Start of SUPPLIED MATERIAL

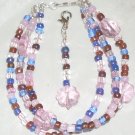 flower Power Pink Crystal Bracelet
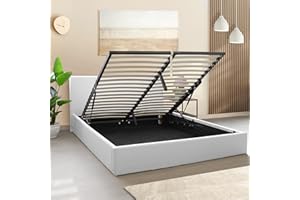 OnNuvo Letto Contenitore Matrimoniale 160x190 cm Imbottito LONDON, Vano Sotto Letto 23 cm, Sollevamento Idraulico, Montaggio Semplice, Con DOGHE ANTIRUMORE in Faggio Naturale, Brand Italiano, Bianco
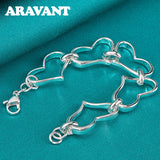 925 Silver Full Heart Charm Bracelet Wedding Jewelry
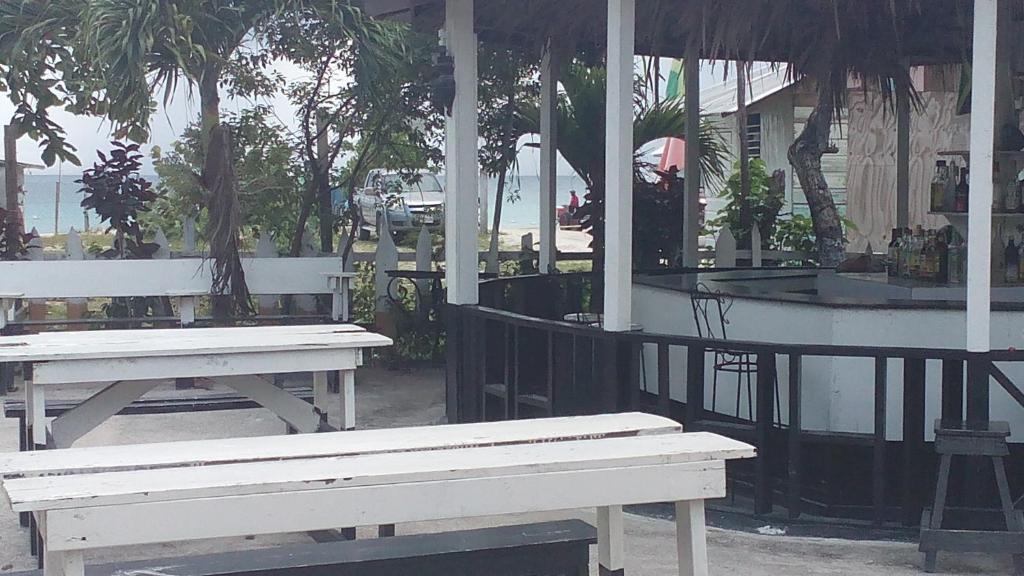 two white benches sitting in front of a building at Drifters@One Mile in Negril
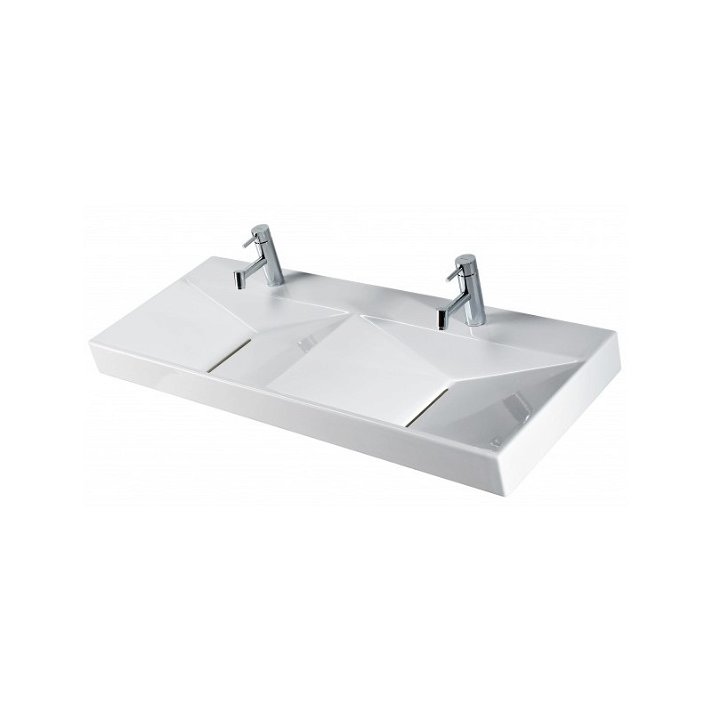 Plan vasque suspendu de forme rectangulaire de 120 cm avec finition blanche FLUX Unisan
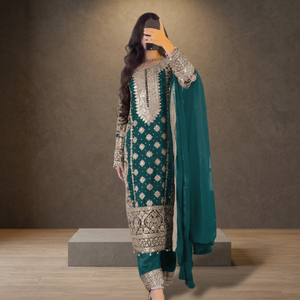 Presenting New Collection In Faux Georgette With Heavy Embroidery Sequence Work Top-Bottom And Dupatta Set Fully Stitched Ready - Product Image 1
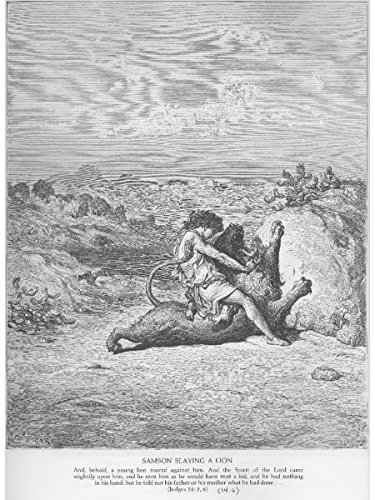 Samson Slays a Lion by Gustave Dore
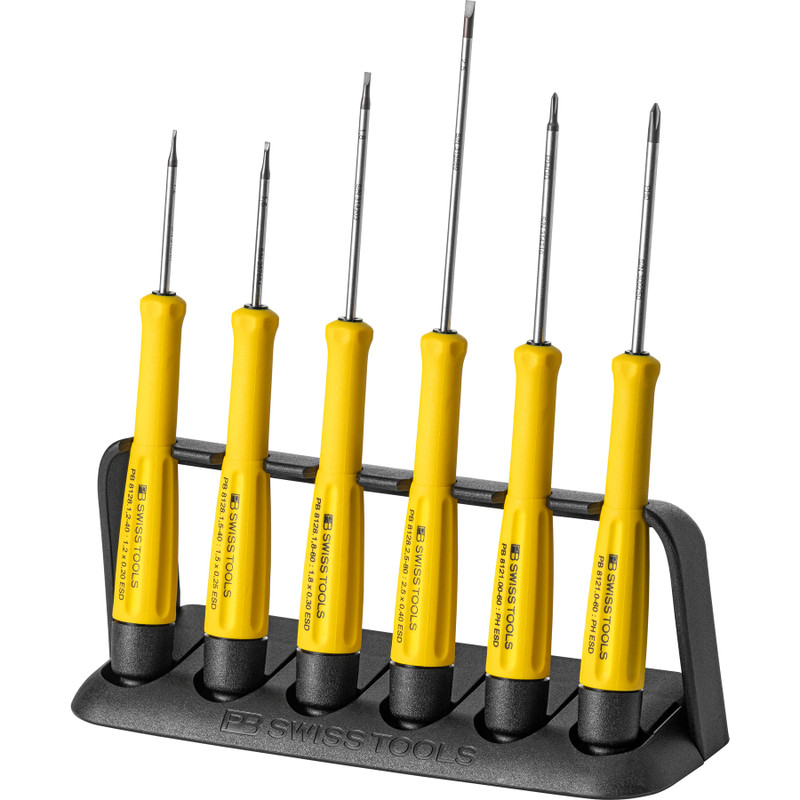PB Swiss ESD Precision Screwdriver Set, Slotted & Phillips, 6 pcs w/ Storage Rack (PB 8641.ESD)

End of SUPPLIED MATERIAL

- [TASK TO COMPLETE] Word for word, give back each entry from above, but skip any picture.

- [ANSWER BOX]
 flower Power Pink Crystal Bracelet
 OnNuvo Letto Contenitore Matrimoniale 160x190 cm Imbottito LONDON, Vano Sotto Letto 23 cm, Sollevamento Idraulico, Montaggio Semplice, Con DOGHE ANTIRUMORE in Faggio Naturale, Brand Italiano, Bianco
 925 Silver Full Heart Charm Bracelet Wedding Jewelry
 two white benches sitting in front of a building at Drifters@One Mile in Negril
 Plan vasque suspendu de forme rectangulaire de 120 cm avec finition blanche FLUX Unisan
 Presenting New Collection In Faux Georgette With Heavy Embroidery Sequence Work Top-Bottom And Dupatta Set Fully Stitched Ready - Product Image 1
 Samson Slays a Lion by Gustave Dore
PB Swiss ESD Precision Screwdriver Set, Slotted & Phillips, 6 pcs w/ Storage Rack (PB 8641.ESD)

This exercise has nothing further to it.